ACTION ITEM. Start at the top of the records and, please, print each line exactly through the line that contains "Ангина небных миндалин", leaving out all pictures.
Segment Start: AVAILABLE DATA
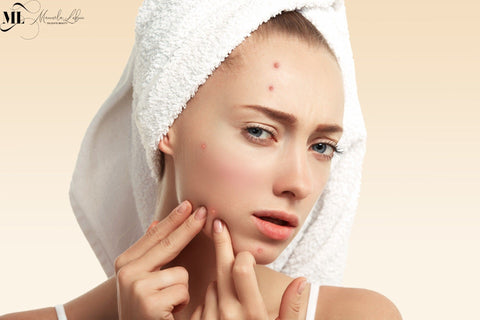 5 Tips To Help You Get Rid Of Acne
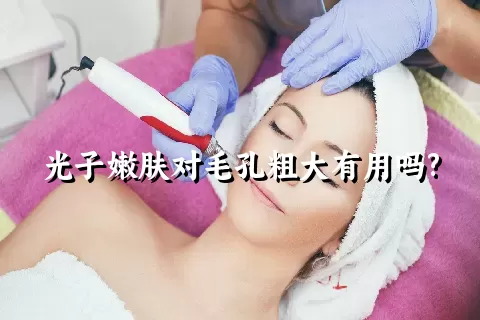 光子嫩肤对毛孔粗大有用吗?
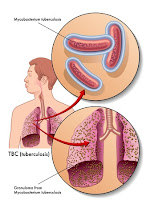  To learn more about the infection-fighting qualities of colloidal silver see www.TheSilverEdge.com...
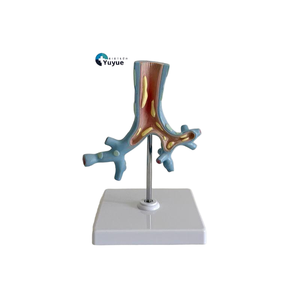 Modelo de Enseñanza Médica, Modelo de Anatomía Patológica de las Bronquias para la Educación en Medicina Respiratoria y Pulmonología - Product Image 1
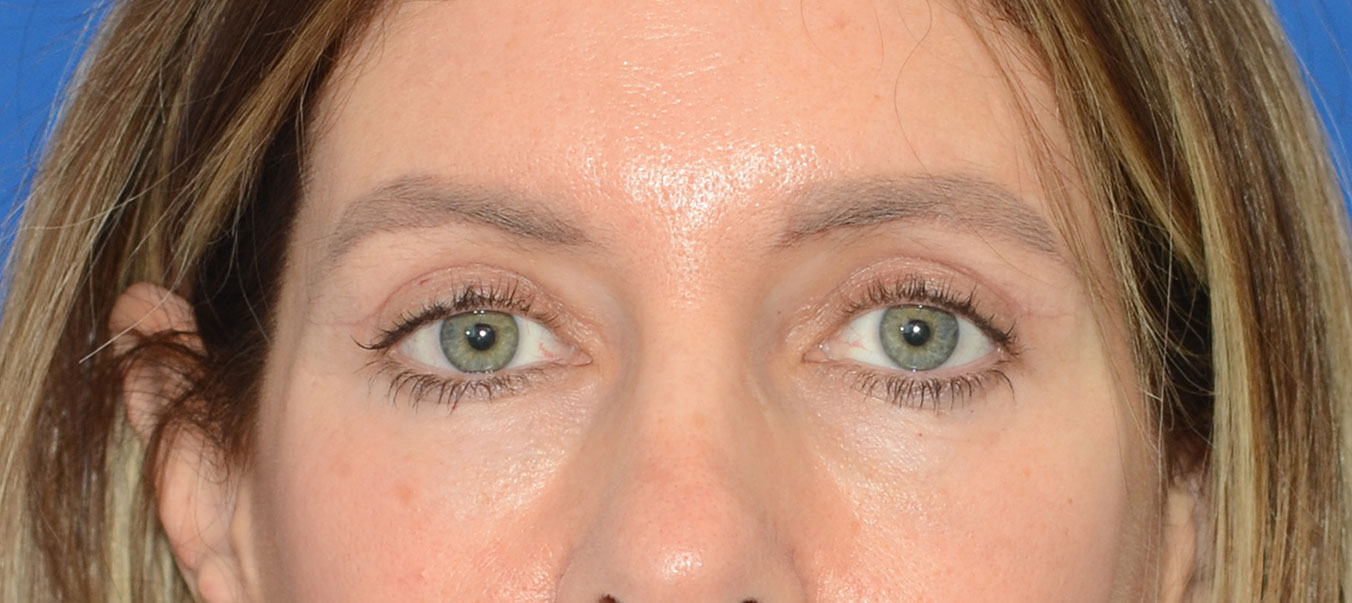 Blepharoplasty Before & After Photo #2
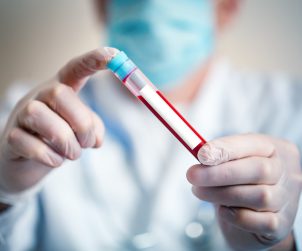Analityk medyczny trzyma w dłoni probówkę wypełnioną krwią pacjenta. /Źródło: 123rf.com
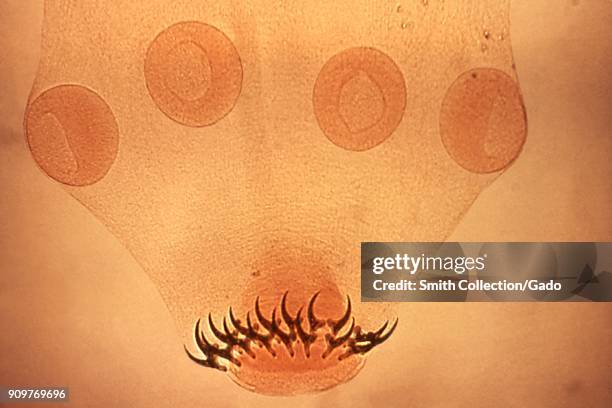 Tapeworm scolex four suckers morphology revealed in a micrograph film, 1986. Image courtesy Centers for Disease Control .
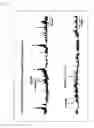 Fig. 02 - Postprandial gastrokinetic agent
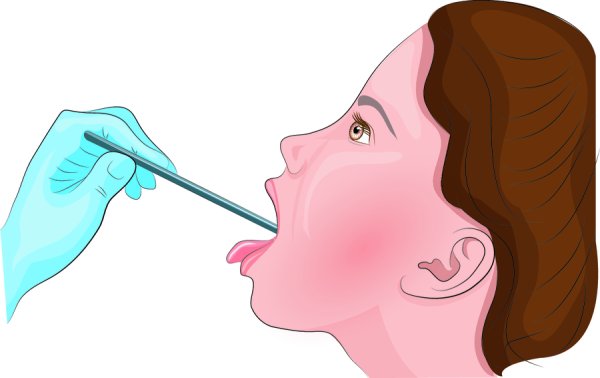 Ангина небных миндалин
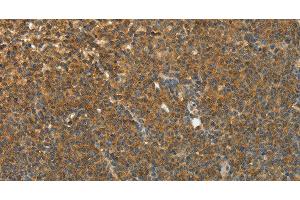 Immunohistochemistry of paraffin-embedded Human lymphoma using TEKT1 Polyclonal Antibody at dilution of 1:30 (TEKT1 抗体)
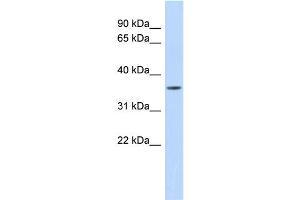 WB Suggested Anti-MMP23B Antibody Titration:  0. (MMP23B Antikörper  (Middle Region))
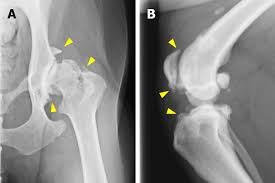 knee arthritis bushnell fl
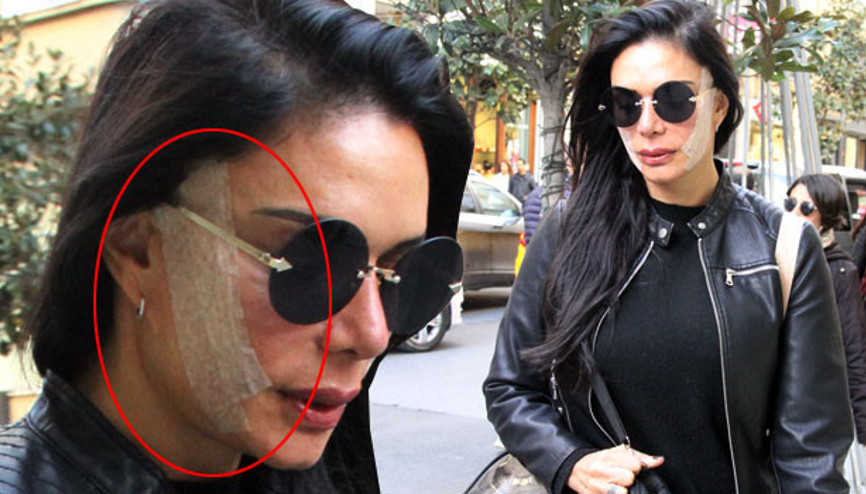 Sevda Demirelin yüzüne ne oldu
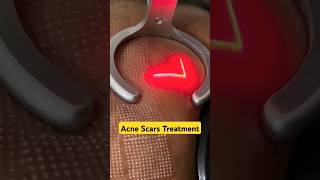 Laser Treatments for Acne Scars  Acne Scar Treatments fractional laser prpforface shorts [upl. by Roseanne798]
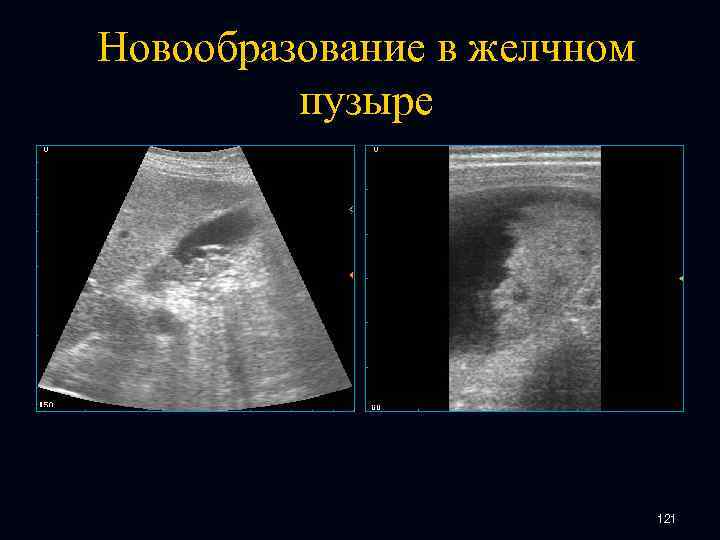 Новообразование в желчном пузыре 121 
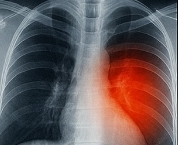 기침이 오래가면 의심되는 질병
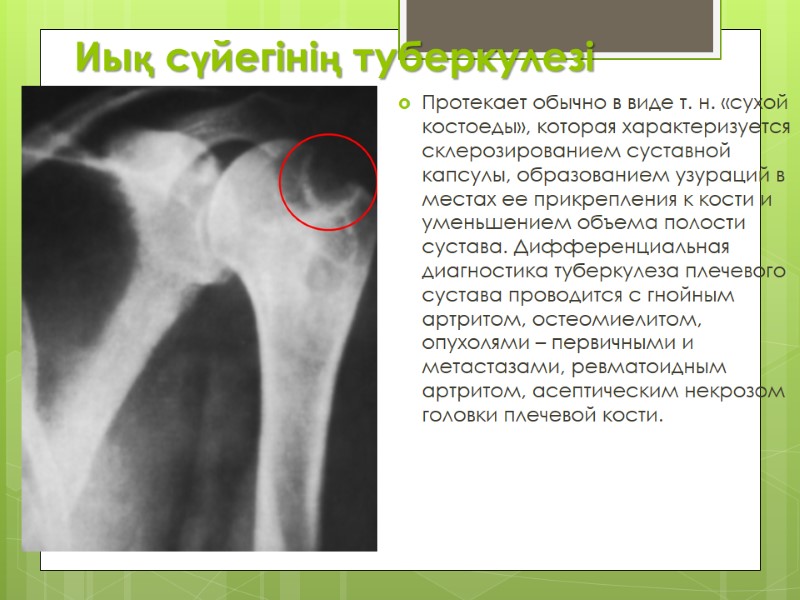 Иық сүйегінің туберкулезі Протекает обычно в виде т. н. «сухой костоеды», которая характеризуется склерозированием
Segment End: AVAILABLE DATA
ANSWER SPACE.
 5 Tips To Help You Get Rid Of Acne
 光子嫩肤对毛孔粗大有用吗?
  To learn more about the infection-fighting qualities of colloidal silver see www.TheSilverEdge.com...
 Modelo de Enseñanza Médica, Modelo de Anatomía Patológica de las Bronquias para la Educación en Medicina Respiratoria y Pulmonología - Product Image 1
 Blepharoplasty Before & After Photo #2
Analityk medyczny trzyma w dłoni probówkę wypełnioną krwią pacjenta. /Źródło: 123rf.com
 Tapeworm scolex four suckers morphology revealed in a micrograph film, 1986. Image courtesy Centers for Disease Control .
 Fig. 02 - Postprandial gastrokinetic agent
 Ангина небных миндалин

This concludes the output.